Description: Track attribution at commit granularity (commit abc123 = agent, commit def456 = human).

Pros:

  • Simplest: Minimal storage, fast computation
  • Existing metadata: Git commits already have author info

Cons:

  • Even coarser than file-level: Commits span multiple files, many lines
  • Useless for compliance: Auditors need line-level, not commit-level
  • No quality insights: Cannot correlate specific code with bugs
  • Not competitive: No competitor tracks only at commit level

No Attribution

Description: Status quo - no line-level tracking.

Pros:

  • Zero overhead: No storage, no performance cost
  • Simple: No attribution code to maintain

Cons:

  • Compliance blocker: Regulated industries cannot adopt Spec Kitty without attribution
  • Quality blind spot: Cannot learn which agents produce better code
  • Competitive gap: Entire.io has attribution, we don't (feature gap)
  • Trust issue: Users cannot verify AI contribution (transparency problem)

More Information

References:

  • Competitive analysis: competitive/tier-1-threats/entire-io/THREAT-ASSESSMENT.md (Entire's attribution model)
  • Entire.io codebase: https://github.com/entireio/cli (see attribution tracking implementation)
  • Product requirements: product-ideas/prd-agent-orchestration-integration-v1.md (AD-004)
  • Integration spec: competitive/tier-1-threats/entire-io/INTEGRATION-SPEC.md (Section 1.2)

Implementation Files:

  • events/attribution.py - AttributionTracker class
  • specify_cli/commands/attribution.py - CLI command for text summary
  • Dashboard: Color-coded file views (green=human, blue=agent)

Related ADRs:

  • ADR-2026-02-09-4: Cross-Repo Evidence Completion (attribution metadata extends evidence payloads)
  • ADR-2026-02-11-3: Entire.io Checkpoint Import (Entire checkpoints provide attribution data)

Detection Strategy:

Method 1: Git Blame + Co-Authored-By Markers (primary)

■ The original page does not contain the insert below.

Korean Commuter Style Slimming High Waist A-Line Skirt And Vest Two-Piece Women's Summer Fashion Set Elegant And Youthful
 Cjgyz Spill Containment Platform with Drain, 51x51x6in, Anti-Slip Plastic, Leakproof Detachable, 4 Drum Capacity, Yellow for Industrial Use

  • Run git blame --line-porcelain on file
  • Check commit message for "Co-Authored-By: Claude" or "Co-Authored-By: Codex"
  • Extract agent ID from Co-Authored-By (e.g., "Claude Sonnet 4.5" → "claude-sonnet-4.5")

Method 2: Agent Execution Logs (secondary)

  • Track file modifications in agent execution logs (tool calls, file writes)
  • Cross-reference with Git commits to confirm attribution

Method 3: Entire Checkpoint Import (optional)

  • If user imports Entire checkpoints, extract attribution from file_changes diffs
  • Merge with Git blame data for comprehensive view

CLI Usage Example:

$ spec-kitty attribution src/main.py

Attribution for src/main.py
━━━━━━━━━━━━━━━━━━━━━━━━━━━━━━━━━━━━━━━━━━━━━

Total lines: 245
Agent: 180 (73.5%)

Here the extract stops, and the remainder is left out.